Emit a verbatim copy of the lines below from the line with "Watching Polaroid Photos Develop Like Magic" through the line with "eye watch through cam remotely", excluding pictures and everything outside that range.

## Data for processing

——————————

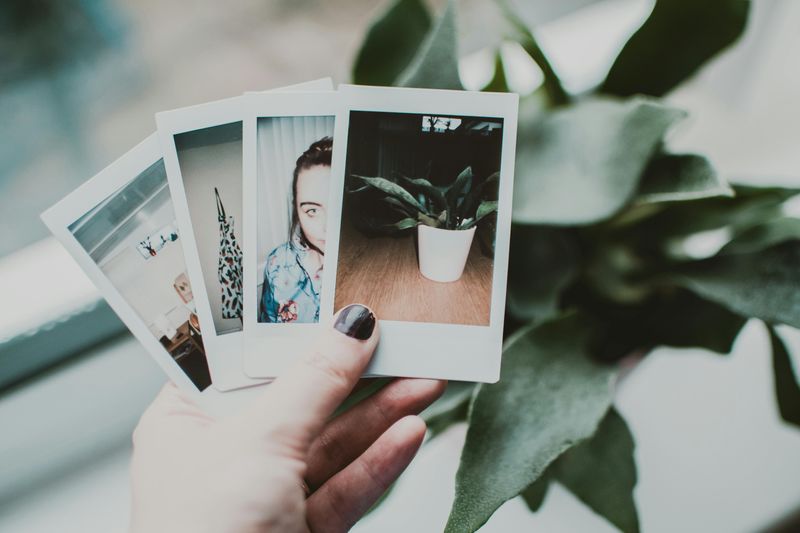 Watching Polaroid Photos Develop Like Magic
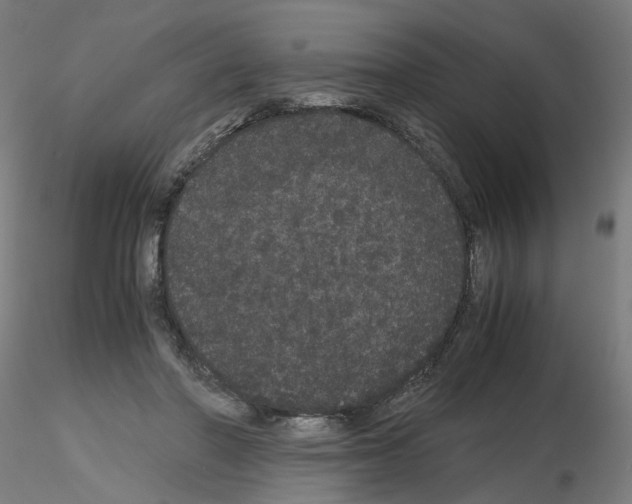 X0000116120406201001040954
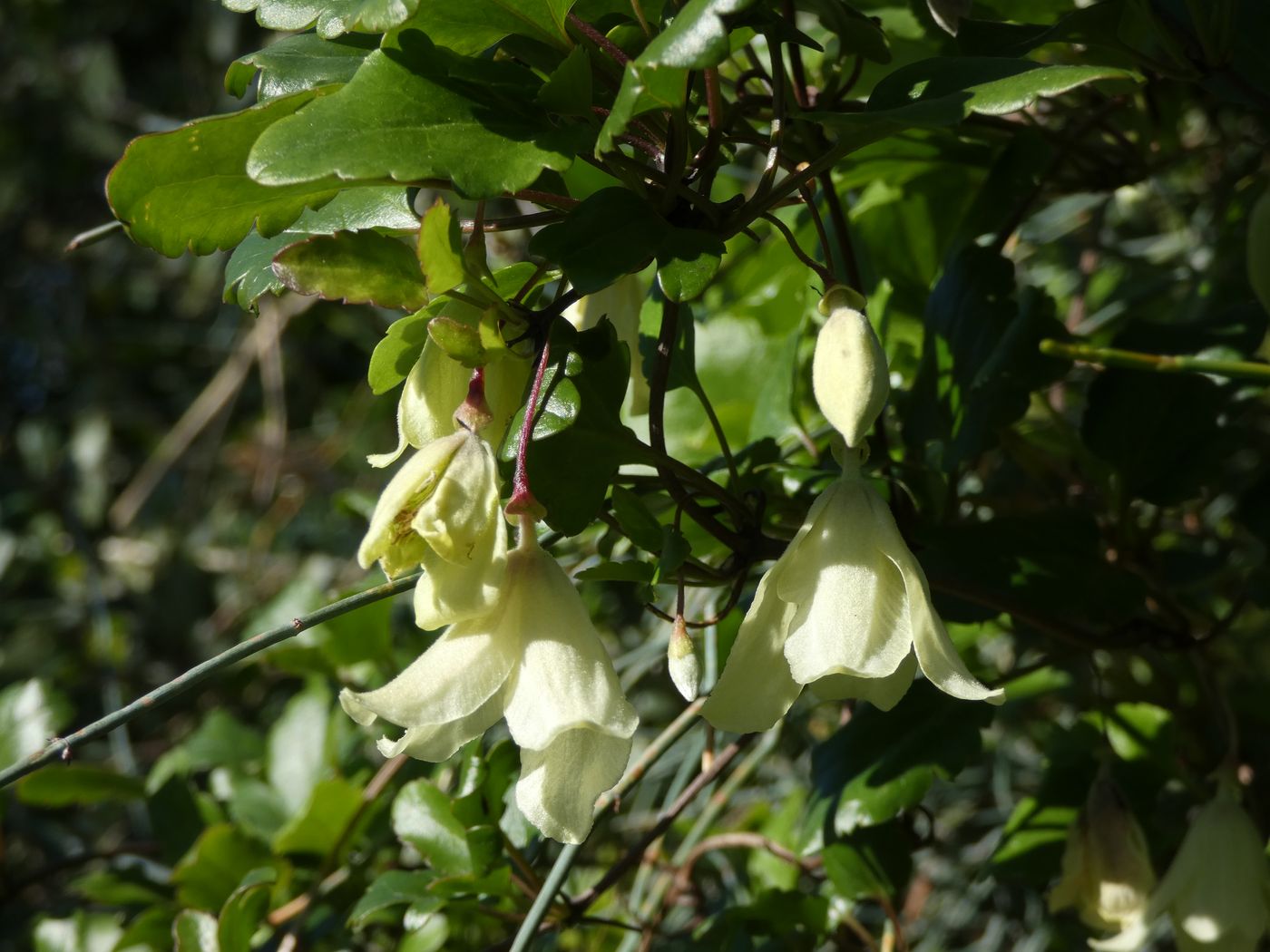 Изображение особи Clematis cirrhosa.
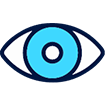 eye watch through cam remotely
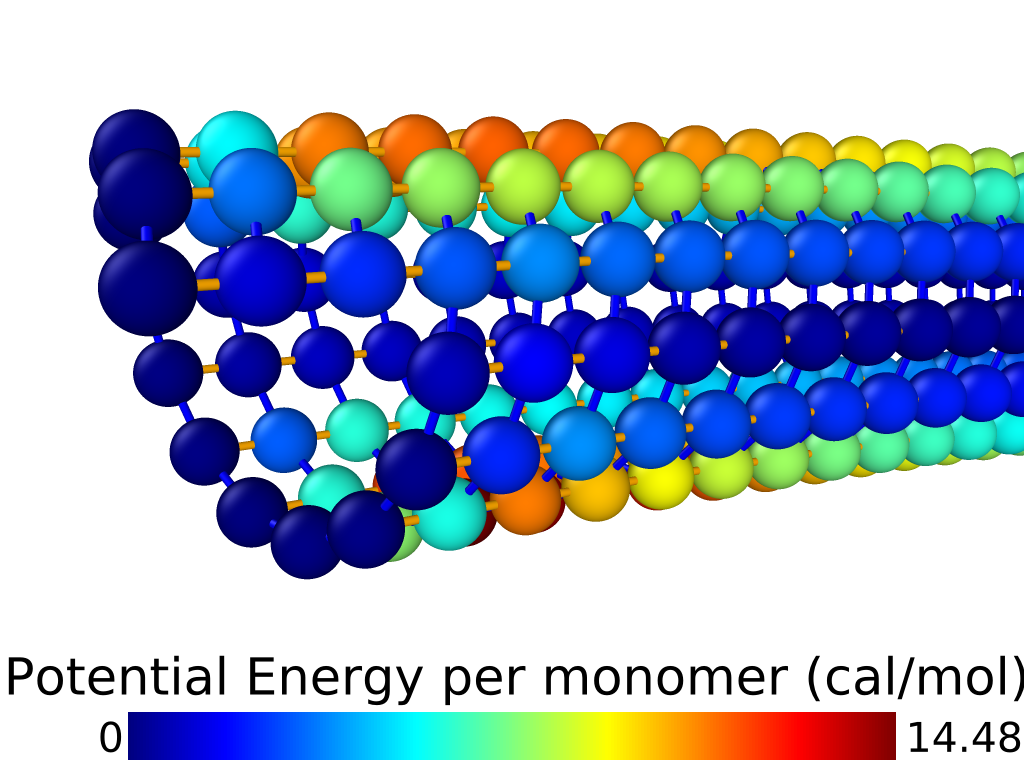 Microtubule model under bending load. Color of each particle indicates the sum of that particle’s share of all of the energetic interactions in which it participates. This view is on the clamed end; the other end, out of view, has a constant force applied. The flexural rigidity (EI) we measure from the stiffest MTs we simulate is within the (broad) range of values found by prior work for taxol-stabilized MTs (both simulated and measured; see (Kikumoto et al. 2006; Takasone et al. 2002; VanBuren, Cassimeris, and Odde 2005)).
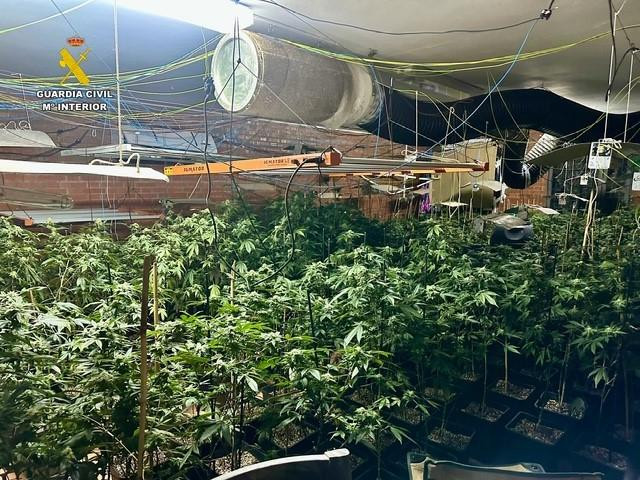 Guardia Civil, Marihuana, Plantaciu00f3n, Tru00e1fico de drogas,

——————————

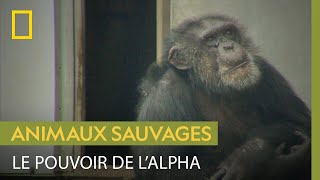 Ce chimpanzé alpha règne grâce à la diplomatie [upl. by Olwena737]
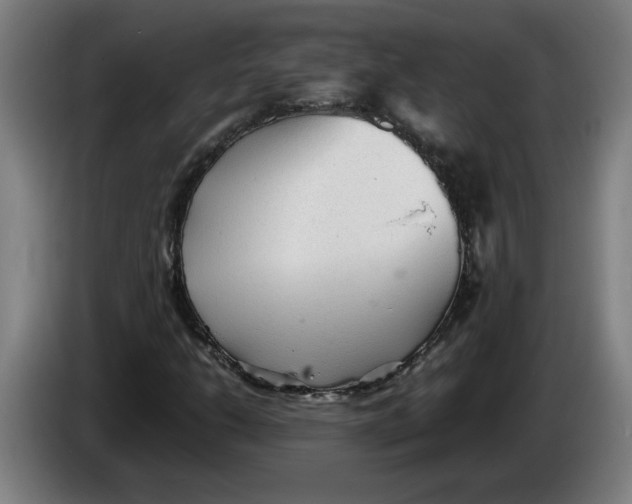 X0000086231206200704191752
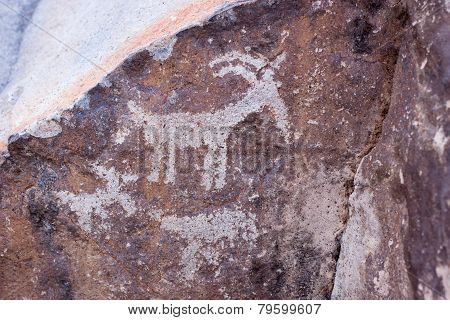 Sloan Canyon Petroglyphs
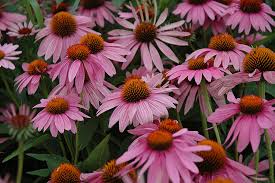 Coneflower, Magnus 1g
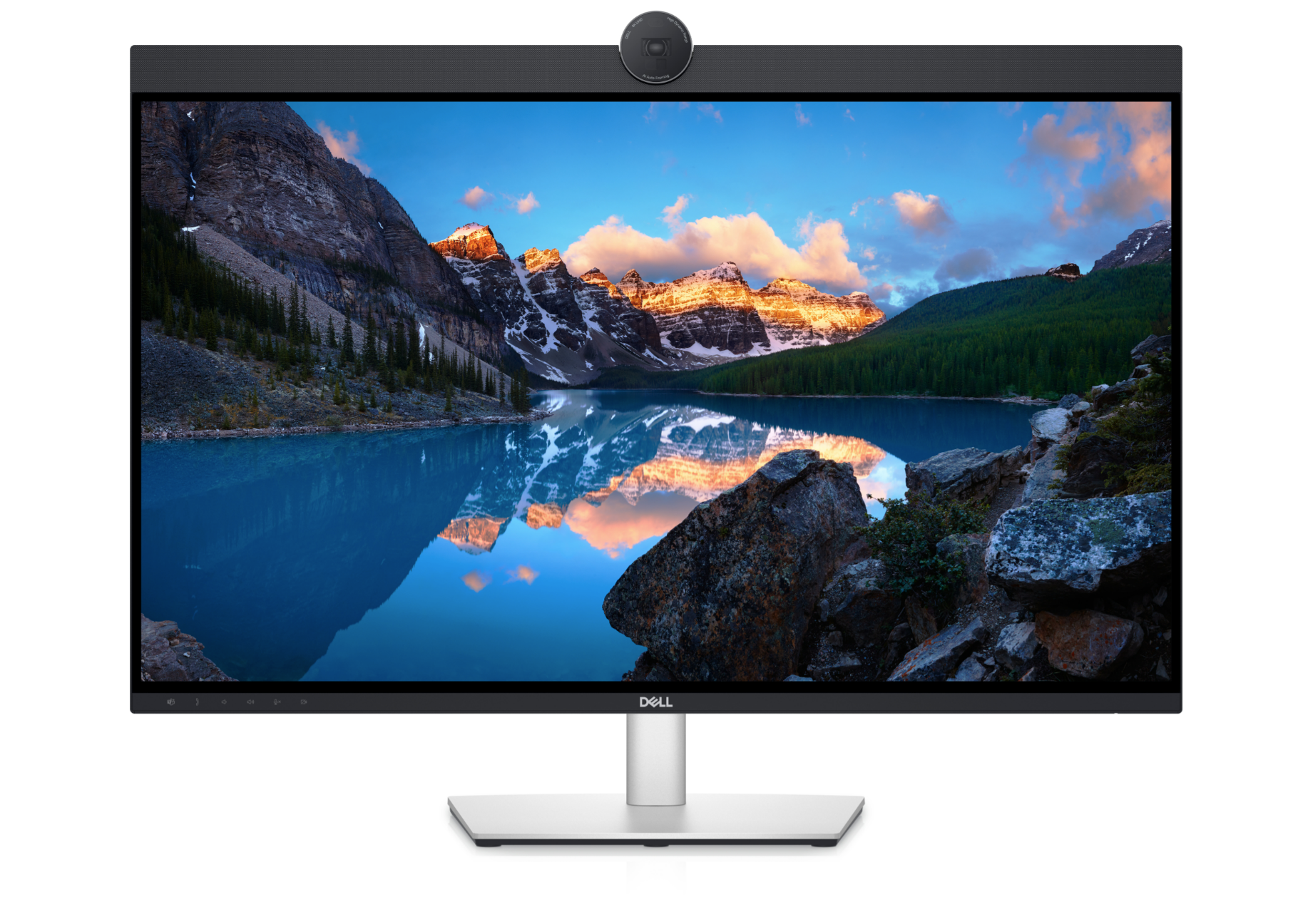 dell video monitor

——————————

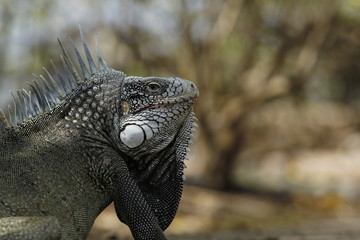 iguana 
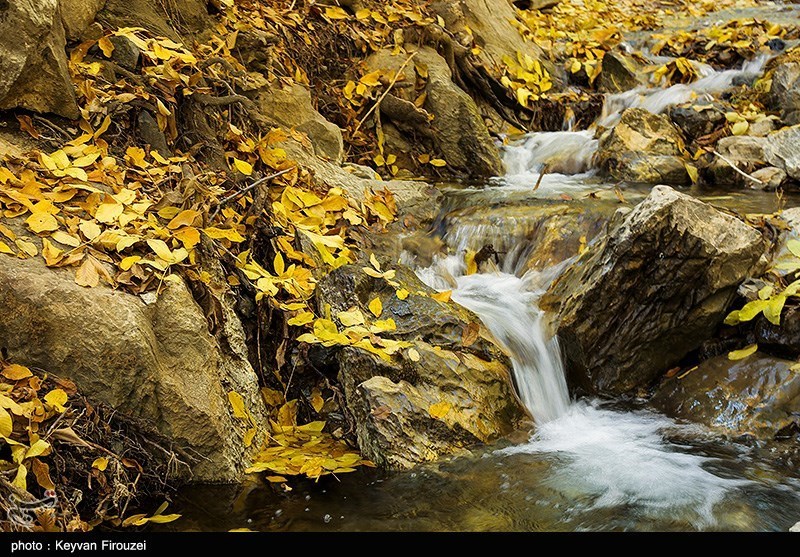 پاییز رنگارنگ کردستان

——————————

## Answer to the problem
 Watching Polaroid Photos Develop Like Magic
 X0000116120406201001040954
 Изображение особи Clematis cirrhosa.
 eye watch through cam remotely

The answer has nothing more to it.